Odd… I have been traveling to south eastern spain yearly for over a decade now and my experience is that summer nights are getting less warm and less humid even though i go there at around same time of year every year.
I came home from my last vacation trip this weekend and even though day temps were high the night temps was rather mild in comparision to even a few years ago.

Douglas DC
September 1, 2010 9:12 am

UHI effect_anyone_? I smell grant money….

Scipio
September 1, 2010 9:12 am

OMG, Spain is burning, where’s Nero

Bernie
September 1, 2010 9:21 am

What data set are they using? I just looked quickly at the average temperature data for Spanish stations listed at GISS and there is no obvious pattern visible there.

Josh Grella
September 1, 2010 9:24 am

Well, they are right about the changes being man made. UHI is directly due to humans building more and more and causes the exact same pattern of warmer days and less cold nights. But, let’s not let facts get in the way of a perfectly invalid (and probably friend-reviewed, I mean, peer reviewed)study.

singularian
September 1, 2010 9:26 am

Scipio – Nero, I believe, is cleaning up horse muck in the Senate. He will be along shortly.
The rain in Spain falls mainly in her researchers brains.

pat
September 1, 2010 9:30 am

Another one of those regional centric stories designed to influence skeptics and agnostics, while paving the way for a grant.

Patrick Davis
September 1, 2010 9:32 am

There was snow on some beaches last winter in Spain?

Billy Liar
September 1, 2010 9:36 am

I think all those windmills are slowing the airmasses down as they travel across Spain reducing the cooling effect of the winds off the sea.

September 1, 2010 9:49 am

Have you checked the map? There is another country there.
REPLY: Yes Portugal, and you may want to have NASA correct their headline too http://earthobservatory.nasa.gov/IOTD/view.php?id=4651
But the current article is about Spain and climate data, and Portugal is not part of the story – Anthony

September 1, 2010 10:01 am

The AMO switched to the cold mode in 2005. How long can they ride on that 30-years long positive trend, which already ended?

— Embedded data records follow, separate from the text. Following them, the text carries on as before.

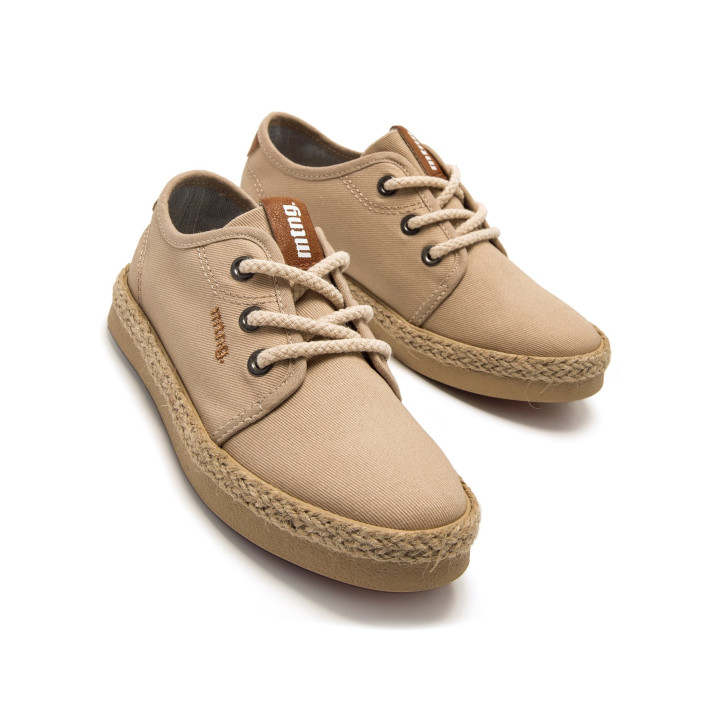 DEPORTIVAS DE NIñO MTNG KIDS BEQUI BEIGE 48920E 62414 - Querol online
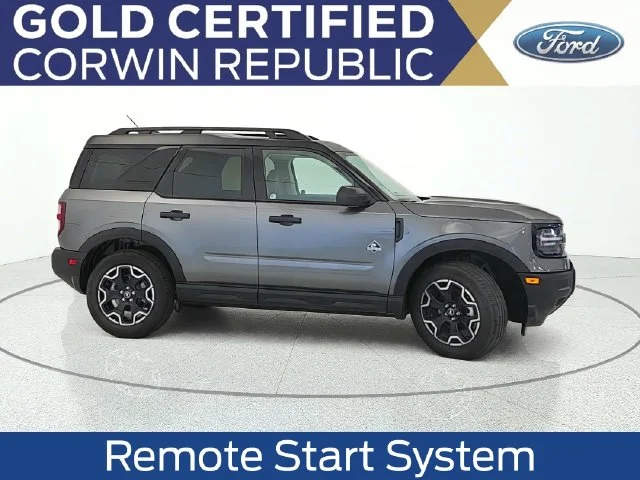 Certified Used 2026 Gray Metallic Ford Outer Banks image 8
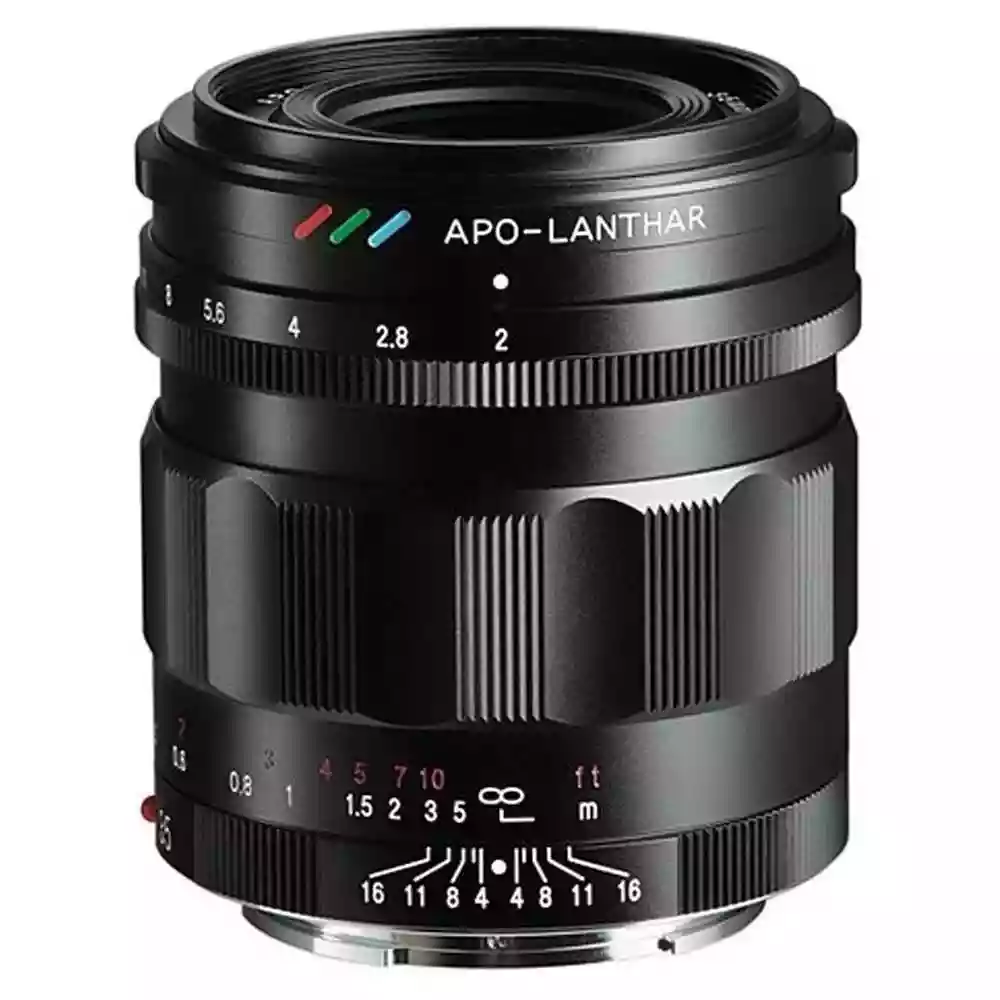 Voigtlander 35mm f/2 Apo-Lanthar Aspherical Lens For Sony E-Mount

September 1, 2010 10:27 am

Impugning a study just because it shows a warming trend without regard to the evidence presented in the study is a non-scientific knee jerk sort of response. You’re doing the same kind of thing that some AGW proponents do when you attack a study simply because of the warming trend. Unless you don’t believe any of the scientific evidence, the world has been warming for a while, so there’s nothing extraordinary in finding a warming trend in a particular area.

September 1, 2010 10:30 am

Yes, should really be Iberia, not Spain, but we all know what is meant 🙂
btw, for reference, I think the source is this:
http://www.sciencedaily.com/releases/2010/08/100831073505.htm
Which is in turn a translation of:
http://www.plataformasinc.es/index.php/esl/Noticias/Adios-a-las-noches-frias
🙂

Kitefreak
September 1, 2010 10:39 am

Scipio says:
September 1, 2010 at 9:12 am
OMG, Spain is burning, where’s Nero
———————————————-
He’s fiddling…

Simpleseekeraftertruth
September 1, 2010 10:48 am

And very pleasant it is too. I am glad I came but must admit I hadn’t noticed the change over the last 10 years. Thankyou for bringing it to my attention.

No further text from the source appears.